The Universal Roamer

Paul Trent's camera

At the suggestion of Trent photo expert Brad Sparks, researcher David Rudiak located a photo in the Portland "Oregon Journal" newspaper that helps identify Trent's camera.

Paul Trent with his camera  

According to vintage camera expert David Silver (President of the International Photographic Historical Association), it's the evocatively named Universal Roamer I, made just after WWII by the Universal Camera Corporation ("Univex") of New York City. The Roamer was an inexpensive folding camera with a single shutter speed (1/50th sec, relatively slow) and adjustable focus and aperture. It used 120 or 620 film and produced negatives 2.25" X 3.25" in size. It cost about $30.00 when it was introduced in 1948. The newspaper photo shows that Trent had spent a little extra to buy the accessory leatherette case for the camera.

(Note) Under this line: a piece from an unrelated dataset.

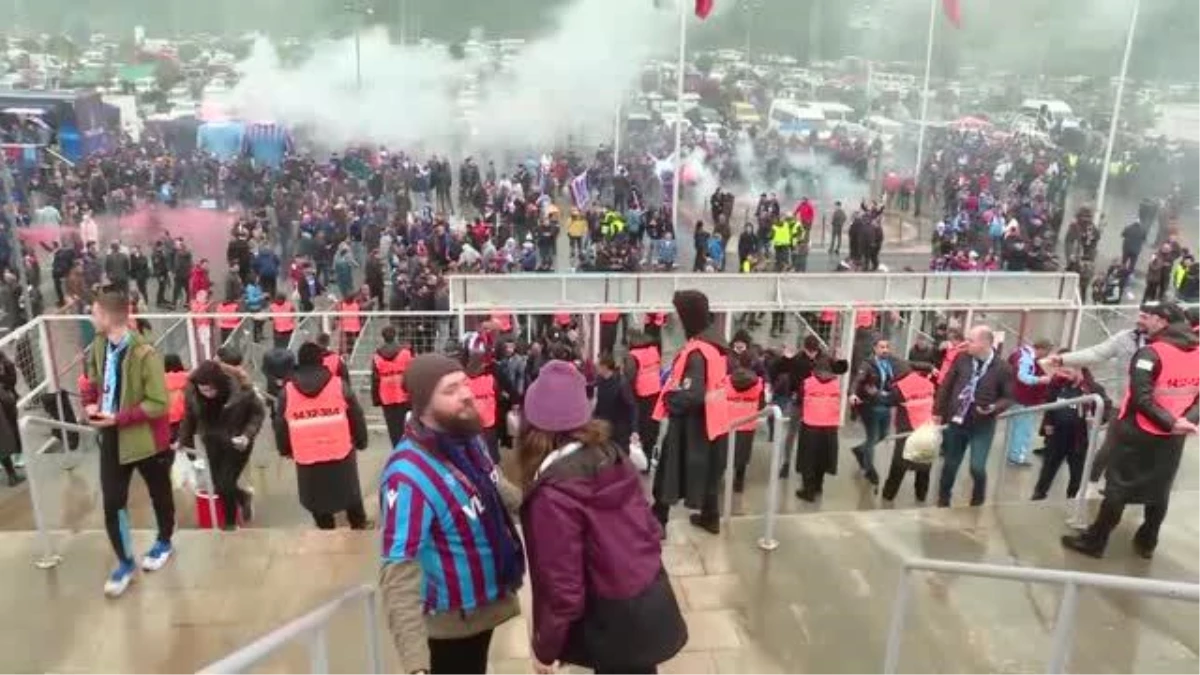 Trabzonsporlu taraftarlar, Medical Park Stadyumu\'nda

The camera looks impressive but is actually very crudely made, heavy and and clunky. The optics are far from top quality. Its best feature is its large negative size. This type of camera lacked basic features found even on modern single-use cameras, such as indexed film winding -- in other words, when a photo is taken, the user must look at a small window in the camera back while winding the advance knob to the next exposure. When the number of the next frame (printed on the film backing) appears, the user simply stops winding the film. This certainly facilitates double exposures, but increases the time needed to advance the film between frames.

A subtle but noteworthy point is that the focusing ring extends considerably as it is turned, and must be set to the "infinity" position before the lens can be folded and the camera door closed. It could be inferred that if Trent were in a hurry to take his photos, he probably left the lens in this position.

"S" indicates the shutter release (which is triggered by pushing down and to the left in this view). "WLF" is the waist-level viewfinder, a small device used when taking photos with the camera at the user's mid-abdomen level. Arrows below indicate the shutter release on Trent's camera compared with the reference sample camera.

The manual claims that the waist-level finder "enables you to take full length pictures without stopping [sic]." This probably should read "without stooping," but in any case it's an absurd exaggeration. The half-inch square finder is suitable for framing objects like buildings, but using it to track a small object like the UFO would be very difficult, particularly considering the left-right reversal of the image.